One-half of the cost of colonizing the 30,000 emigrants (if that were possible) would, within a very short space of time, prepare as many men from this people who are exactly suited to the kind of work required. And I may add that if Christian philanthropists loiter much longer in manipulating this chiliahedronic idea into shape, the Mandingoes, who, [Page 375] as Mohammedans, are indefatigable missionaries, will probably very soon disseminate the dogmas of their religion among this desirable people, and thus place their evangelization at least another half century farther in the future. This is evident when it is considered that the Mandingo teaches his religion at the same time he pushes forward his commerce; with him the two go hand in hand. The Mandingoes and Veis are in intimate communication, and this intimacy grows daily pari passu with their commerce.
Momorah, a Mandingo chief, from the interior, with a caravan of trade, usually to Sierra Leone, is often visiting this legation. He is a man noble in his deportment, six feet in height, as all his tribe are, athletic and well proportioned, with straight features, having none of the characteristics usually ascribed to the African; intellectual, speaking English, French, German, and Portuguese, from contact with the people of those colonies, where he has been accustomed to trade. He also reads Arabic from the religious training peculiar to his people, and Vei, acquired during his intimacy with that tribe. What I have ascribed to Prince Mamorah is true of many of his tribe. It is impossible to look upon this perfect type of manly physique and intellectual strength without being impressed by the superiority of the material of which his tribe is composed. They are the men of conquest in Africa, the commercial races dwelling far in the interior, making pilgrimages to Mecca across the continent, and whose treaty of friendship and whose passport over the domains of hostile tribes who dwell between their home and the sea-board are the Koran and the sword.
Speaking to this man of commerce, of the Koran, and of the sword, upon the subject upon which I am writing, his evident disposition to commiserate rather than admire the American negro as he sees him here, convinces me that it will be long before the abnormal can mold the normal man. His language forces upon me the recollection that human slavery is as old as human conquest; that it was the custom of the victor to enthrall the vanquished, and that many are slow to value the fact that human slavery was not the crucible to refine and enable human nature and oefit it for grand undertakings.

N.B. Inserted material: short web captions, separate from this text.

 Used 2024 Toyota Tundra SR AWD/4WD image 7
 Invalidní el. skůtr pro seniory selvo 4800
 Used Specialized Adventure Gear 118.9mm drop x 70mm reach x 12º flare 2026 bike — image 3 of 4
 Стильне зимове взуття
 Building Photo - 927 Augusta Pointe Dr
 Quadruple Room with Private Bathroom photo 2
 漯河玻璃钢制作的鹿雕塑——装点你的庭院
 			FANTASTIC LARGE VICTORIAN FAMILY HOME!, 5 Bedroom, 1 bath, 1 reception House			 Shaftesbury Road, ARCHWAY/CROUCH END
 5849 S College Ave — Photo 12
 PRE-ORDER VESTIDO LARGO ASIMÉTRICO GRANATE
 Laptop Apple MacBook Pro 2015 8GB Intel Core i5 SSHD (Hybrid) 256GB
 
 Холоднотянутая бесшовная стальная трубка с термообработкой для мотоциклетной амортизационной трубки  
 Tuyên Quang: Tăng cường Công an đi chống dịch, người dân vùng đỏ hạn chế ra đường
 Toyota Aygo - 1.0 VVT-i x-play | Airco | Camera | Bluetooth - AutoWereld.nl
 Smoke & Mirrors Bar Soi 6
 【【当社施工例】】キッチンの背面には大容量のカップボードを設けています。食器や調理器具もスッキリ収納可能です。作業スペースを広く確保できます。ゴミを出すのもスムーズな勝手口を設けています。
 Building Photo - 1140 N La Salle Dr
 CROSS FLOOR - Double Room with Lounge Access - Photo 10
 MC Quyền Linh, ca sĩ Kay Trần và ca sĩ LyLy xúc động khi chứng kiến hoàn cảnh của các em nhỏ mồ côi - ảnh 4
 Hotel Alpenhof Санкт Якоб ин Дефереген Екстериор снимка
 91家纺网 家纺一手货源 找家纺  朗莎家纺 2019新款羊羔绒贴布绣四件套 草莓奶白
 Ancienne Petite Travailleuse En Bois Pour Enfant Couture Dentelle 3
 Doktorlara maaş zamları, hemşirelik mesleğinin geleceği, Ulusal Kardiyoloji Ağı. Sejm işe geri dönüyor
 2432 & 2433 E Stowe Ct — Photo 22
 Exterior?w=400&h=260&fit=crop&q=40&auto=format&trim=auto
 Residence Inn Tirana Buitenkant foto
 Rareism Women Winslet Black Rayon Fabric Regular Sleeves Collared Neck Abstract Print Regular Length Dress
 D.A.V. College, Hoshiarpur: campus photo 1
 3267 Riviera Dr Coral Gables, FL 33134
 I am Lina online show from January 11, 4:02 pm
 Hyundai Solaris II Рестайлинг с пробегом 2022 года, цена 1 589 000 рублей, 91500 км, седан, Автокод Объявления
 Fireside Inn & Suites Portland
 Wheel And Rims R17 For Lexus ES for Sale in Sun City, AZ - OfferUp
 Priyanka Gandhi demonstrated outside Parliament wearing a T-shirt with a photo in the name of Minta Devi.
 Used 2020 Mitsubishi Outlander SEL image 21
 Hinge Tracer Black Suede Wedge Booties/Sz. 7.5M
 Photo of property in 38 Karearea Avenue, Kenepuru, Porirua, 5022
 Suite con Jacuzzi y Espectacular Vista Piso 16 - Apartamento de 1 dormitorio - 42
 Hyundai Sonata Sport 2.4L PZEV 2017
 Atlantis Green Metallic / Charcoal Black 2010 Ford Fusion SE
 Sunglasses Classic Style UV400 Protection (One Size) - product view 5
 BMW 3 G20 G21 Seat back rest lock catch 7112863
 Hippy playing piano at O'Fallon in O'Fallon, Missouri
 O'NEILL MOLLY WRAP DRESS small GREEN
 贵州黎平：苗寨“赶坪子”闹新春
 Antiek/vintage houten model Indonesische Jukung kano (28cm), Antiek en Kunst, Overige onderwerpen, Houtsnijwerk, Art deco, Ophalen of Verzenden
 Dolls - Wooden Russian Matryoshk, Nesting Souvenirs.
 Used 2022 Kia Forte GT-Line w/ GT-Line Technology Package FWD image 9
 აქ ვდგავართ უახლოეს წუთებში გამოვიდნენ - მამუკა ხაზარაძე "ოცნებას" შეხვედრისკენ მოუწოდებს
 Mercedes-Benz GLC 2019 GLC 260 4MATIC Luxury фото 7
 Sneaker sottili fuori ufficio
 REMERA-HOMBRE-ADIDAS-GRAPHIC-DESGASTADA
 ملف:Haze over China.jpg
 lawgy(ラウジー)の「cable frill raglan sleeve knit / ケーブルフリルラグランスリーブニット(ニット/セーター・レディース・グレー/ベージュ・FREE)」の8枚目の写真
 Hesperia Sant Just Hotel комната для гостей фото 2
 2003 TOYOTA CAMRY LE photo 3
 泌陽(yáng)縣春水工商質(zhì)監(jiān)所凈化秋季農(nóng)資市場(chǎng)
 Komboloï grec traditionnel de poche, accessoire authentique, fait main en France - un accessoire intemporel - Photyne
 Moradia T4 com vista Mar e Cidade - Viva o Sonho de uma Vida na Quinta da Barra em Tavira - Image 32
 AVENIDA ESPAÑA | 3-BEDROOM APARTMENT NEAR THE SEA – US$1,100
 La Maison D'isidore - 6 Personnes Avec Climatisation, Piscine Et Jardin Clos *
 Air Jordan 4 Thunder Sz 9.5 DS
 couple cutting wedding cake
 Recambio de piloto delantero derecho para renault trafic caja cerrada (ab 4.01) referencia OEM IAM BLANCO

While my object is not to encourage the persuasion of citizens of the United States to exchange their homes and country for Liberia, neither is it desired to dissuade any from coming to Liberia who may wish to do so. It is merely desired to present the facts and difficulties attendant upon such a course, with a view that none, if possible, may emigrate without full knowledge of the probable result. And I may add, that a fact generally recognized by many thoughtful and prominent Liberians, and one in which I thoroughly acquiesce, is that men of any consequence to the wants of Liberia are able to pay their own expense of travel, and if desirous to come, would be willing and would prefer to do so.
Whether Liberia succeeds or fails, she cannot be accepted as a fair test of the negro’s capacity or incapacity for self-government.
This dispatch has exceeded the length intended. There are many things of interest which might be mentioned on a subject so important, but I must not occupy the time of the Department unnecessarily; hence, I have avoided any allusion to the condition of the Government of Liberia—as to the security or insecurity of life and property; whether or not crime can be committed with impunity; whether the financial system employed is potent or impotent, &c.
Upon such topics the government is doubtless already informed through my previous correspondence.